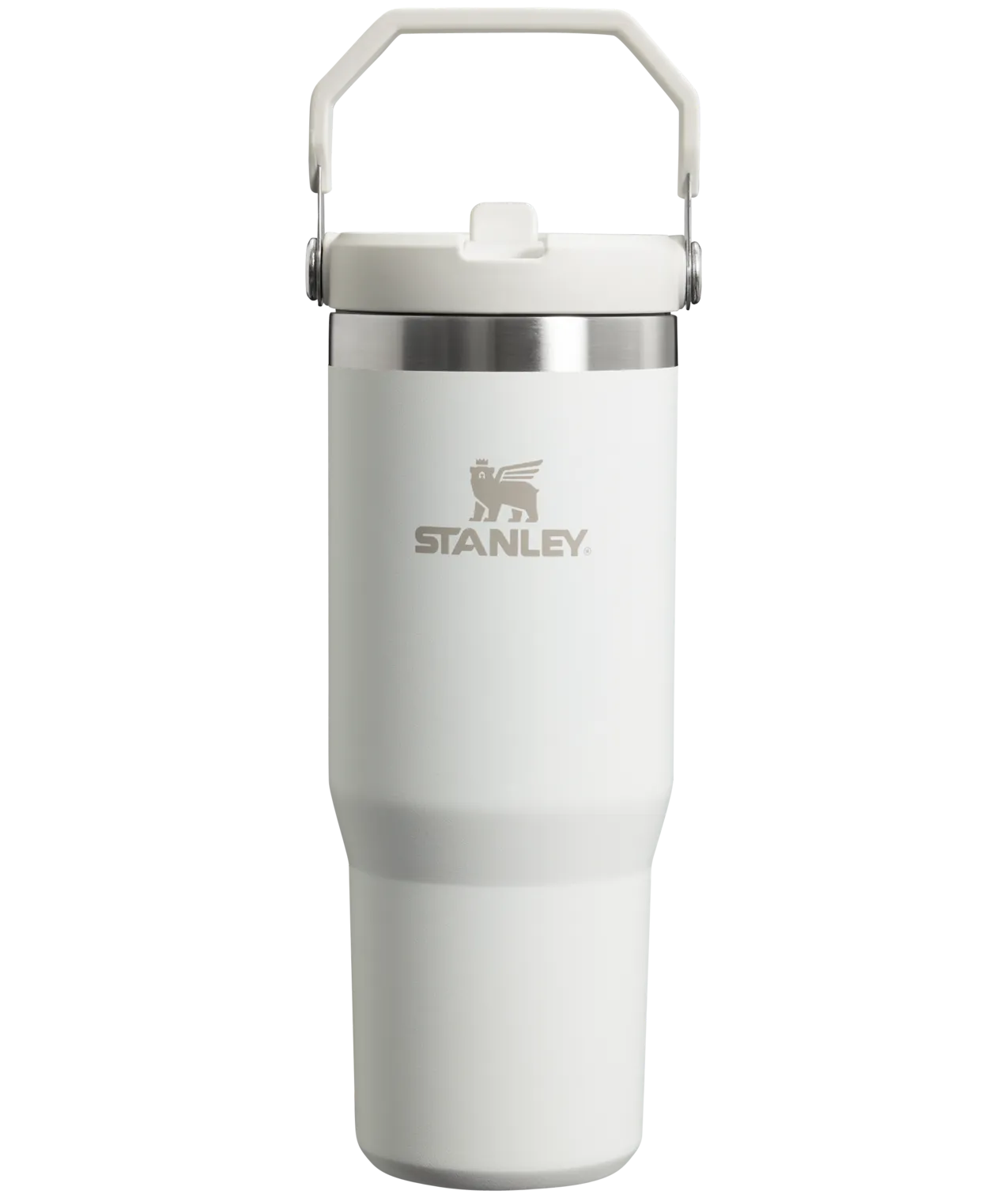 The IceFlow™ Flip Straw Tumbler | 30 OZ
* * *
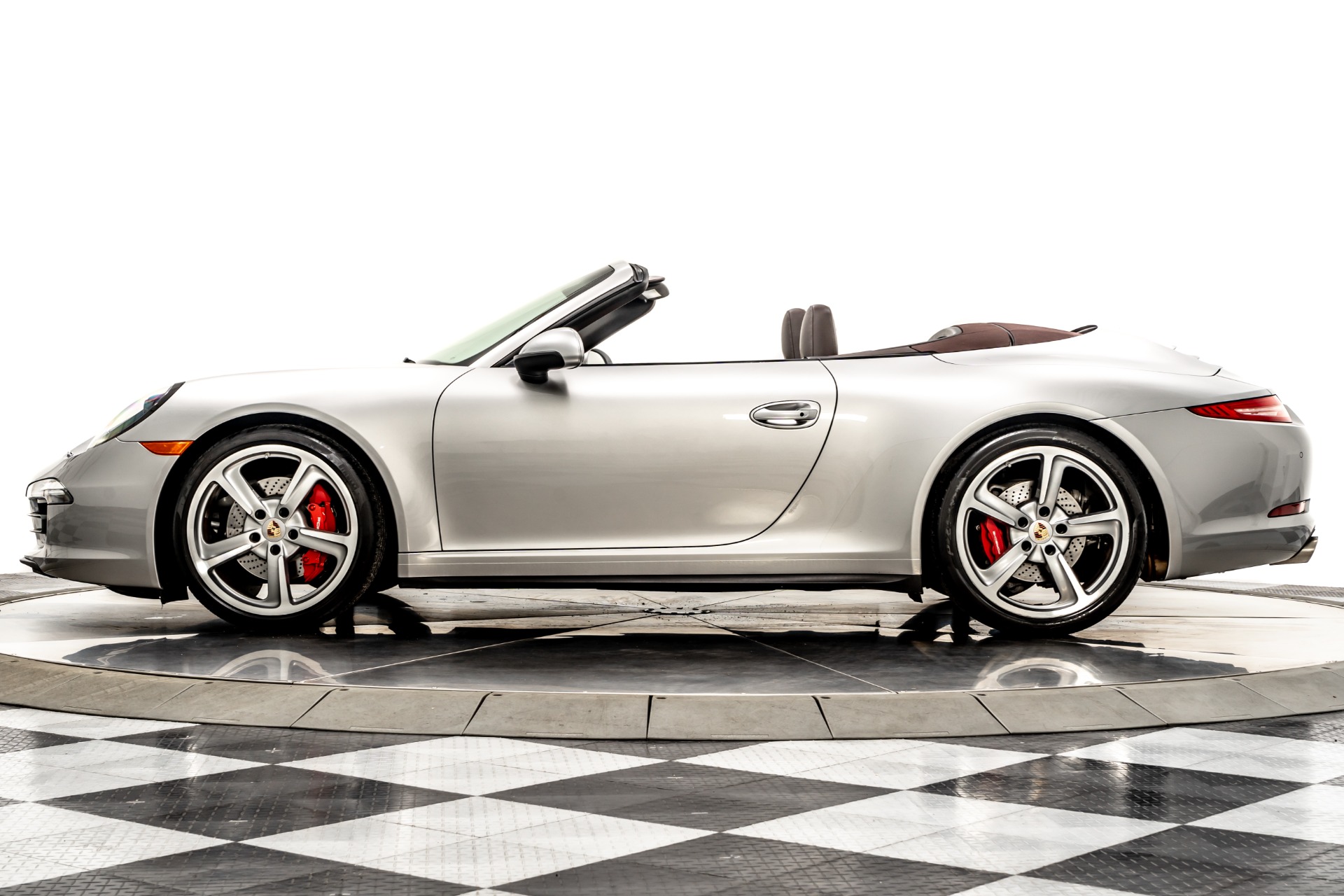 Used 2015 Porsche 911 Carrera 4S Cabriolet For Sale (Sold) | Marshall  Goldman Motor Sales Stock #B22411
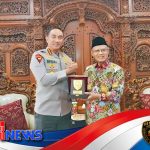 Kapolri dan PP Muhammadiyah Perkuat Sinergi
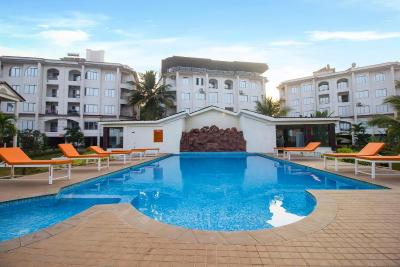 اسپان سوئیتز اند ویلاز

▶ **About this task**:
Reproduce the listing above from the line that holds "Kapolri dan PP Muhammadiyah Perkuat Sinergi" through the line that holds "اسپان سوئیتز اند ویلاز", both included, with the pictures left out.

▶ **Output of the task**:
 Kapolri dan PP Muhammadiyah Perkuat Sinergi
 اسپان سوئیتز اند ویلاز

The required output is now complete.